TASK OBJECTIVE - Find the line that contains "Let's count and" in the entries below. Restate it and every line after it, word for word, with no pictures.

★ ★ ★ ★

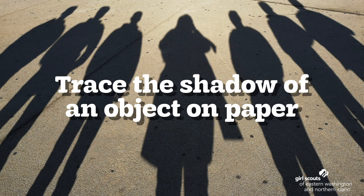Next, move the object to another spot but keep your paper in the same place and have your adult stay in the same place with the flashlight. Did the shadow change? Trace this new shadow on another piece of paper. If it's a very sunny day, you can do this outside instead — place the object where the Sun makes it cast a shadow onto your paper.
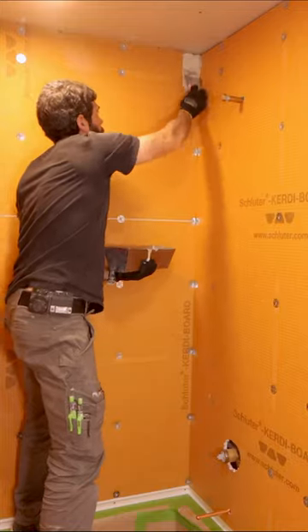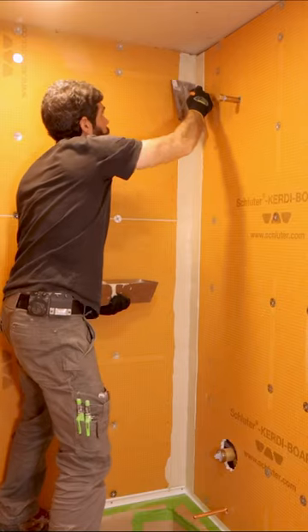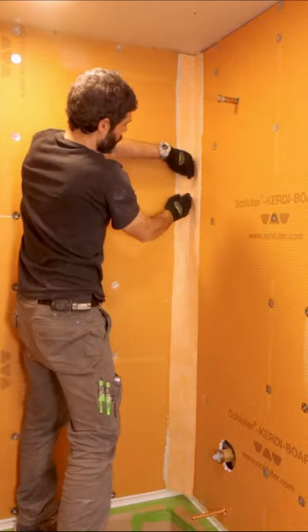I had to waterproof this shower corner, and my big tip is to use a 3-inch joint compound knife to apply a thin layer of thinset. I followed that up with the KERDI membrane, and then I embed my banding.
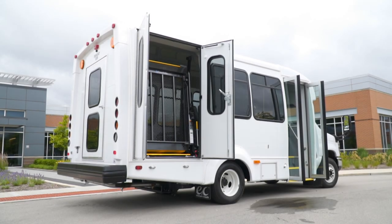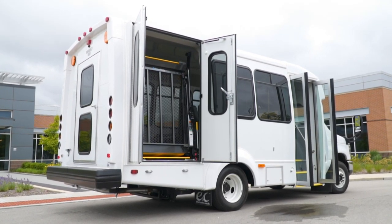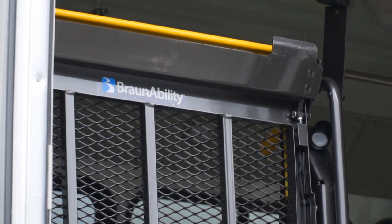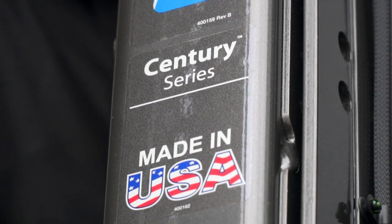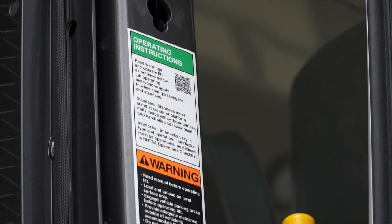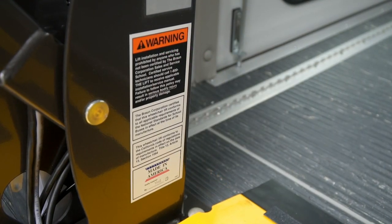Welcome to the worldwide family of BraunAbility lift owners. We created this program to help you get the most out of your BraunAbility wheelchair lift. Over the next few minutes we will highlight the operation of the lift and offer tips on basic maintenance. However, this video is supplementary to the instruction provided in the manual and is not a substitute for reading the manual and following its instructions and warnings.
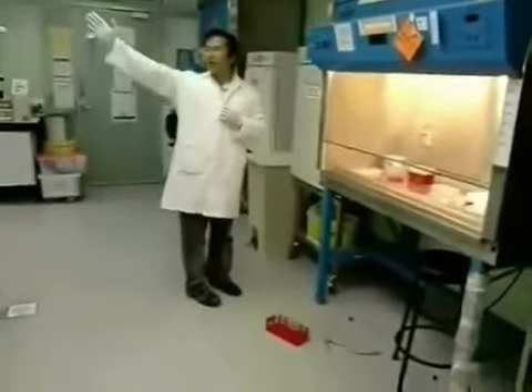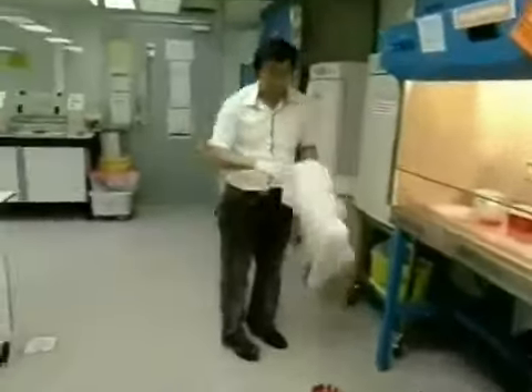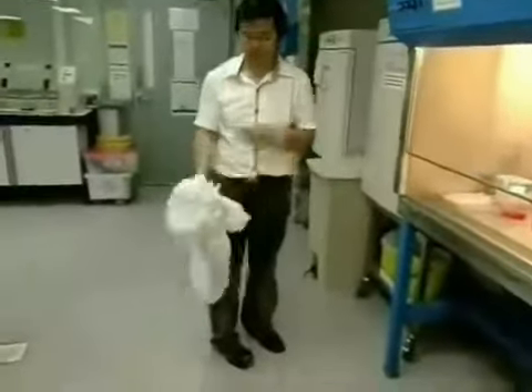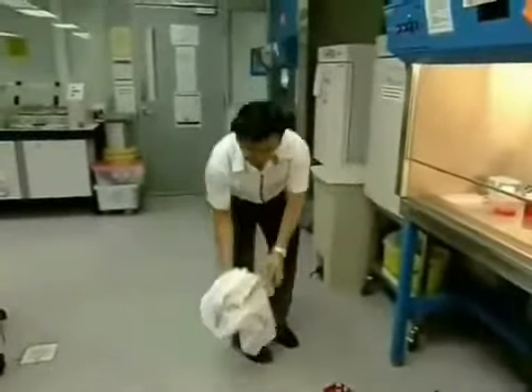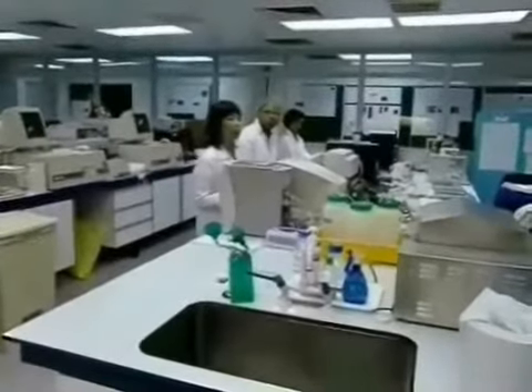Michael, you scratched your head with contaminated gloves. Hey, don't throw the PPE on the floor. Don't you think that she should tie up her hair?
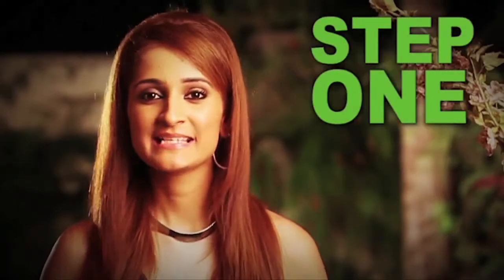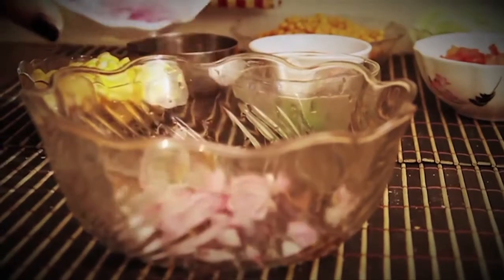Step 1: take some onion, tomato, cucumber, and green chilies in a bowl. Then add some corn, boondi, chaat masala, and some roasted peanuts.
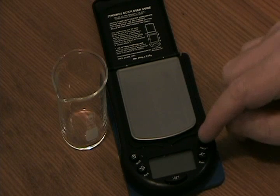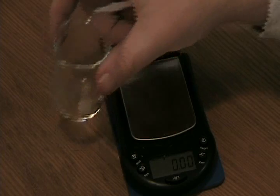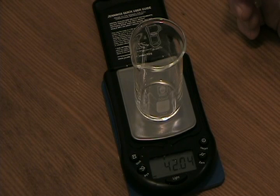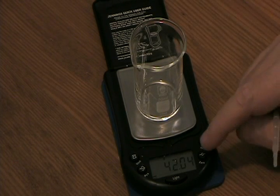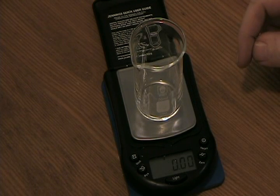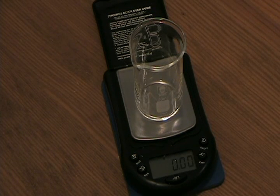Let's count and weigh some drops. We'll turn on the balance and allow it to boot. It comes up reading 0.00 grams. We'll then transfer a small beaker to the balance pan — we find that it weighs 42.04 grams. Now we'll press the zero or tare key, which nets out the balance to 0.00 grams with the weight of the beaker included. Let's start transferring drops of water.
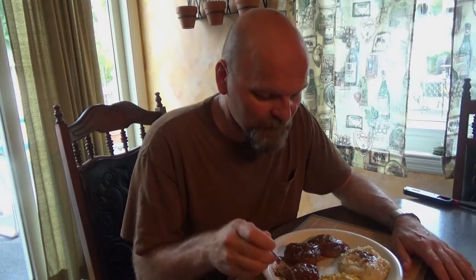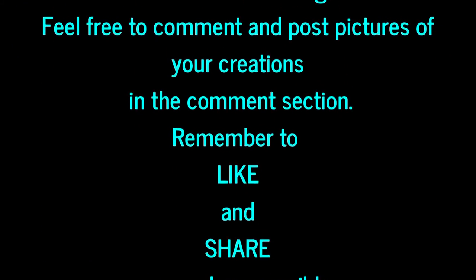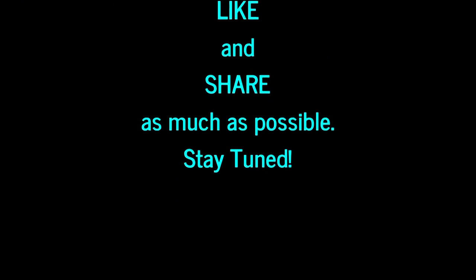See you tomorrow, everybody! Thank you, everybody!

★ ★ ★ ★

RESPONSE FOR THIS EXERCISE -
Let's count and weigh some drops. We'll turn on the balance and allow it to boot. It comes up reading 0.00 grams. We'll then transfer a small beaker to the balance pan — we find that it weighs 42.04 grams. Now we'll press the zero or tare key, which nets out the balance to 0.00 grams with the weight of the beaker included. Let's start transferring drops of water.
See you tomorrow, everybody! Thank you, everybody!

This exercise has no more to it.